EXERCISE DATA
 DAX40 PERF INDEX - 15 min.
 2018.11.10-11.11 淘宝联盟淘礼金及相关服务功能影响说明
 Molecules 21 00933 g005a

AIM OF THE EXERCISE
The data above, all of it, needs to be output exactly as written.

TASK OUTPUT
 DAX40 PERF INDEX - 15 min.
 2018.11.10-11.11 淘宝联盟淘礼金及相关服务功能影响说明
 Molecules 21 00933 g005a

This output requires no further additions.